Deep neural network based UAV deployment and dynamic power control for 6G-Envisioned intelligent warehouse logistics system

The intelligent warehouse logistics system (IWLS) is an essential component in the emerging industry 5.0. To well assist the IWLS, advanced network architecture and control policies with the adaptive capability to the variation of traffic should be specially designed. In this paper, we consider an air-and-ground cooperative wireless network that enables dynamic coverage to support the flexible scheduling of the automatic guided vehicles (AGVs) in the IWLS. Jointly considering the dynamic deployment of unmanned aerial vehicles (UAVs) as well as the adaptive power control of AGVs, we formulate a two time-scale network control problem to minimize the transmission power consumption of all AGVs under their individual rate requirement.
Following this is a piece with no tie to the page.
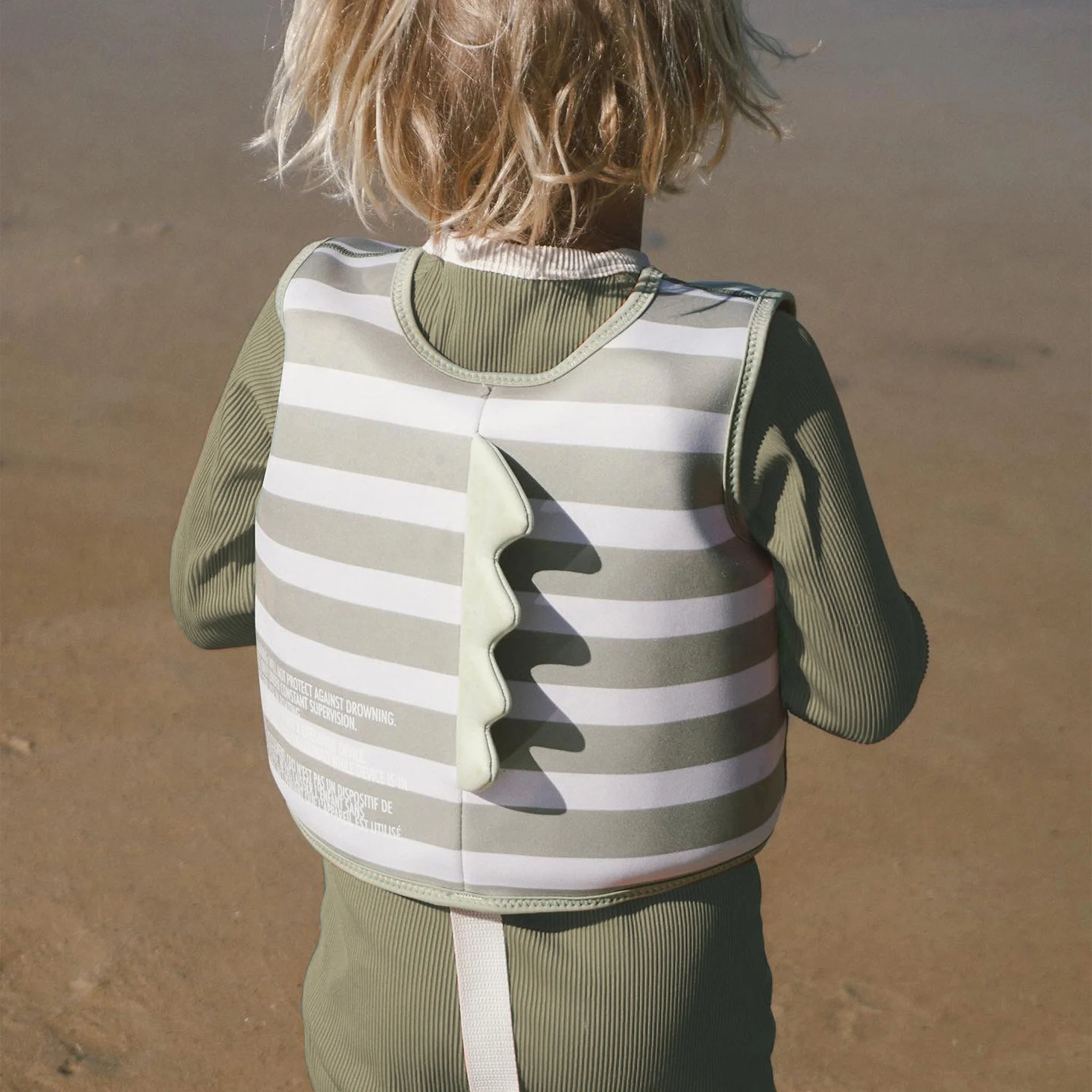 A young child with blonde hair, wearing a green long-sleeve outfit and a striped SUNNYLIFE Kids Swim Vest in Into the Wild/Khaki with a fin-like attachment on the back, stands facing away from the camera on a sandy beach with water in the background. The swim vest features an adjustable safety strap, perfect for developing swimming abilities.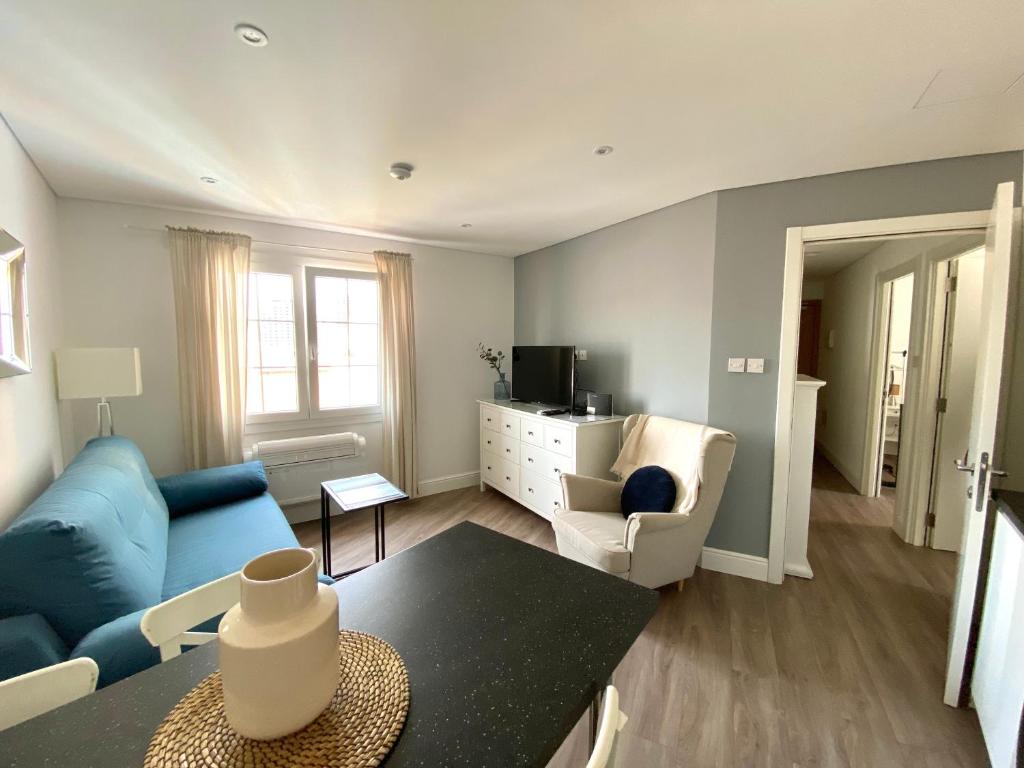 a living room with a blue couch and a table at Deluxe City Centre Two Bedroom with Private Balcony - Grand Central House in Gibraltar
On large time scales, we first propose a particle swarm optimization based algorithm (PSOA) to obtain the deployment position of the ABS. Then, using the results of the PSOA as training data, we design a deep neural network (DNN) framework aimed at reducing the computational time of the PSOA. On small time scales, we devise an online power control algorithm (OPCA) by using some of stochastic network optimization methods. With current channel conditions, the OPCA can generate the real-time power control policy and ensure the long-term rate requirement. Numerical simulations indicate that the DNN framework enhances the coverage performance of the network only consuming a few milliseconds of computation time. Incorporated with the OPCA, the total transmission power of the AGVs is significantly reduced.